XLA: The TensorFlow compiler framework

ktta · on Jan 9, 2017

This page has the first mention of Google TPUs since the initial announcement from Google.

Anyone know what the status is? When TPUs will be allowed to be used in Google Cloud?

I'm confused as to why they ever announced it at a big event like Google I/O rather than a paper or even a simple blog post if they aren't going to give people access to them. There's some hint of it being offered in conjunction with TF and other ML cloud offerings in the blog post[1], and this 'XLA compiler framework' looks it's related. But I'm still wondering how much time people have to wait.

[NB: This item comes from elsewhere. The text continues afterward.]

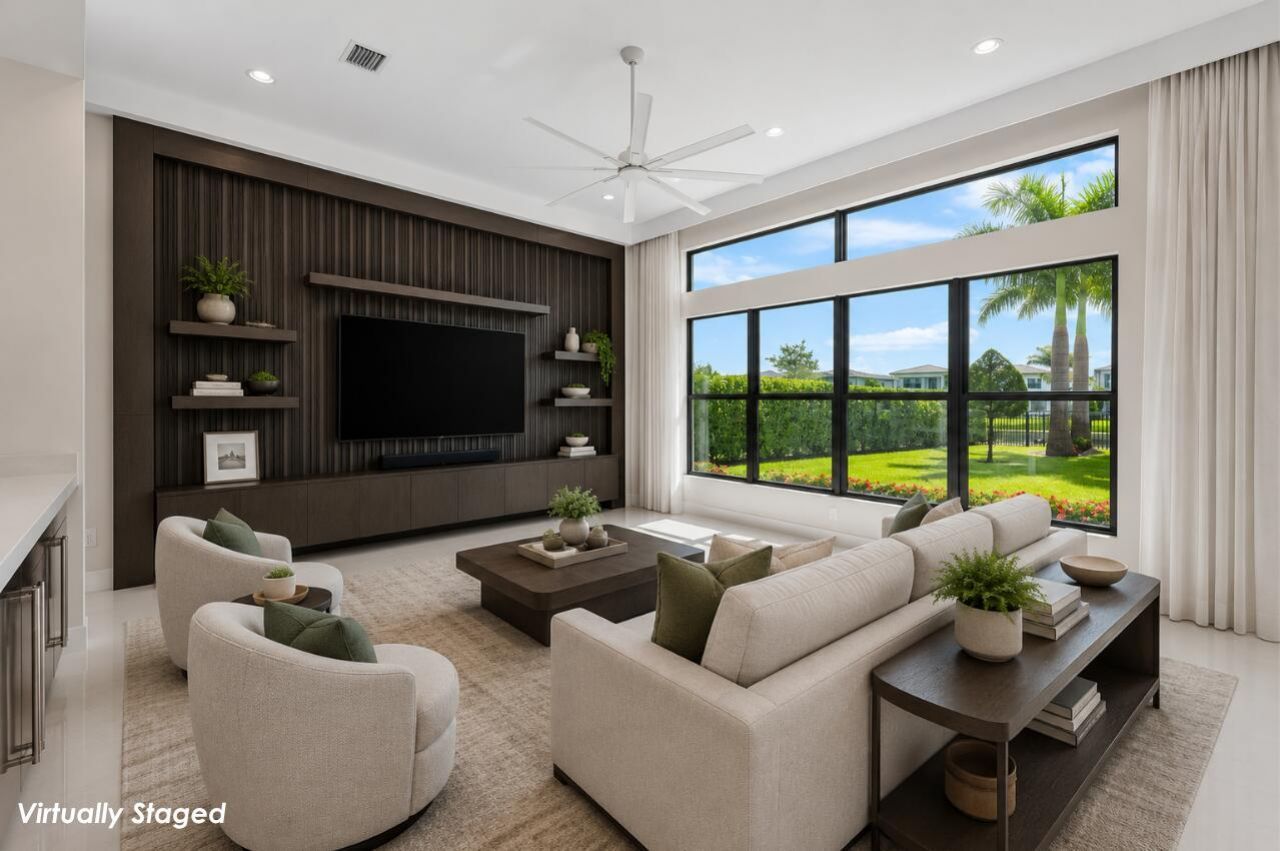 9794 Chianti Classico Terrace, Boca Raton, FL 33496 Photo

[1]:https://cloudplatform.googleblog.com/2016/05/Google-supercha...

visarga · on Jan 9, 2017

> When TPUs will be allowed to be used in Google Cloud?

TPUs are only useful for prediction, not training, and for very high volumes of work where energy use is a major cost, so, it's for Google and FaceBook-type of situations. They are not designed as accelerated general purpose processors for deep learning.

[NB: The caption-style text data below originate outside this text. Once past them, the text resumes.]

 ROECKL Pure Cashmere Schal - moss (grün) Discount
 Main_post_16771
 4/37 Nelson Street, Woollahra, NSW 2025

Cheap inference can be done on CPUs as well, because production models can be optimized to only a small fraction of the computation (20x reductions are not impossible) by pruning neurons, weight quantization and other techniques.

halflings · on Jan 9, 2017

What leads you to think that TPUs are not useful for training?

ogrisel · on Jan 9, 2017

The aforementioned google translate paper suggests so.

My hunch is that TPUs work with a mix of 8 bit and 16 bit integer arithmetic on quantized networks with quantized data [1].

As far as I know nobody has managed to make SGD work properly with integer weights and that could be a reason why TPUs are not used for training (yet).

[1] https://petewarden.com/2016/05/03/how-to-quantize-neural-net...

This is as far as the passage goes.